Короче, в нашей комнате запасов продовольствия не оказалось.

В коммунальной квартире начались ускоренные сборы соседей. Наша семья не относилась к тем, кто имел первоочередное право выезда. К тому же моя бабушка по маме, Пелагея, тяжко болела. Ехать куда-либо было просто невозможно.

Всю мебель и громоздкие вещи соседи оставили в своих комнатах. Что было можно, спрятали на чердаке и в подвалах, надеясь, что там и найдут, а город скоро освободят. Люди брали с собой только самое ценное, еду и немного одежды. Все были еще дома, но по комнатам уже гуляло чемоданное настроение.

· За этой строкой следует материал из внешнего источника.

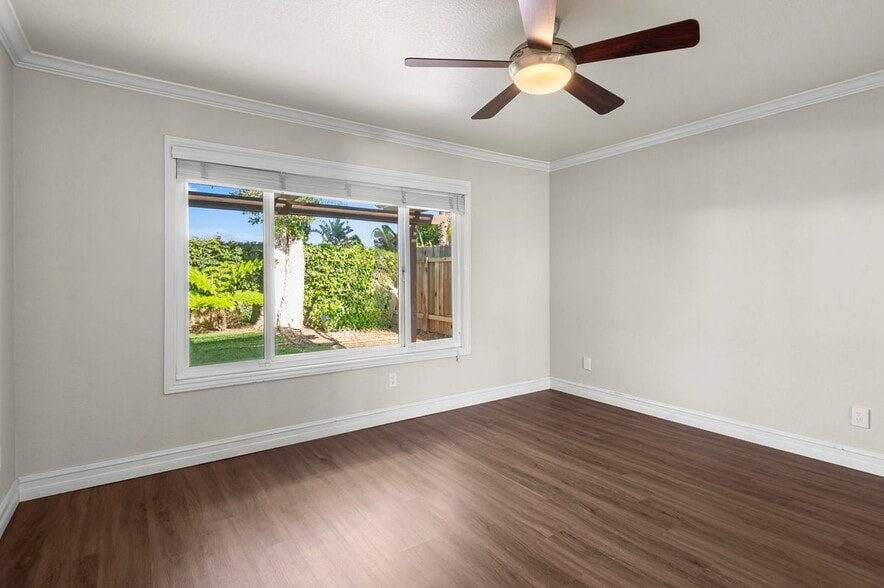 Building Photo - 5059 Via Calderon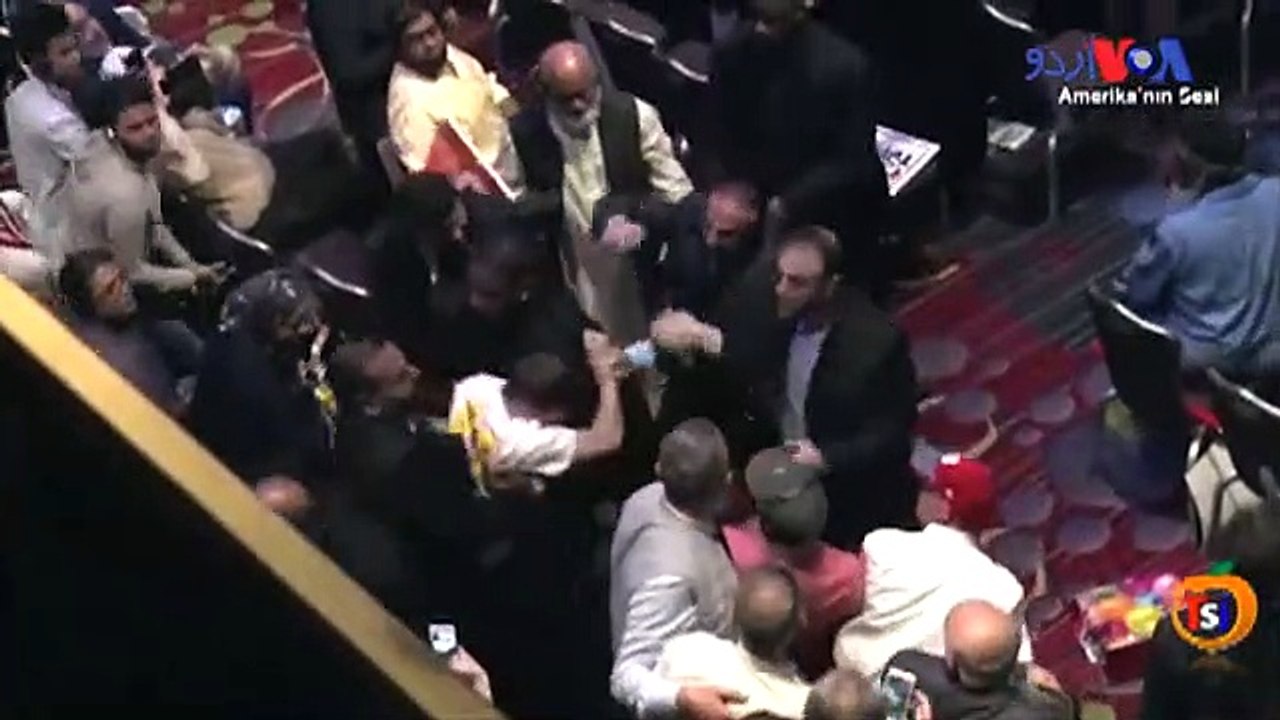 مظاہرین پر ترک صدر کی سکیورٹی اہلکاروں کا تشدد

Вскоре эвакуируемые начали разъезжаться, двери на ключ уже никто не закрывал и можно было ходить куда вздумается. В одной из комнат я нашел небольшой мешочек с арахисом и ел его, сколько хотел. Хозяин этой комнаты уже уехал. Во всей квартире осталась кроме нас только семья Андрущенко.

Андрущенки были спокойной, доброжелательной семьей. Тетя Оля не имела никакого образования и зарабатывала свой хлеб тем, что за небольшую плату прислуживала зажиточным еврейским семьям, проживавшим в нашей коммунальной квартире: варила еду, убирала в комнатах и местах общего пользования. Она была еврейкой, а когда вышла замуж за дядю Петю Андрущенко, поменяла не только фамилию, но и национальность — стала украинкой.

Она разговаривала без акцента, произносила все буквы четко, в том числе и «р». У них рос сын Толя, младше меня на два года, он только начал бегать.

К нам, в опустевшую квартиру, переселилась тетя Дозя Бедрий с дядей Ваней и сыном Ленькой — он был подвижным пацаном младше меня на год. Мы дружно бегали по гулким коридорам и комнатам.

Несколько дней в городе стояла тишина. Жильцы на всякий случай не выходили из квартир. Ожидали неизвестно чего и нам, привыкшим к шуму, передавалась родительская тревога. Двери черного хода, выходившие на винтовую лестницу, не закрывались. По ним в случае воздушной тревоги можно было спуститься во двор, затем на улицу, где было безлюдно.

Играл я в какие-то свои игры в пустом нашем дворе, и вдруг увидел вылезшего из подвала мальчика несколько старше меня. Он подошел и что-то невнятно стал объяснять. Возможно, у него было не совсем хорошо с головой. Потом он взял меня за руку и повел в пустой, как казалось, подвал. В его огромном пространстве царил полумрак, лишь в некоторое помещения проникал свет через пыльные окна и уличные решетки.

Под ногами валялись дрова, какое-то старьё, уголь. Пацан подвел меня к какой-то старой женщине, лежащей в углу в куче тряпья.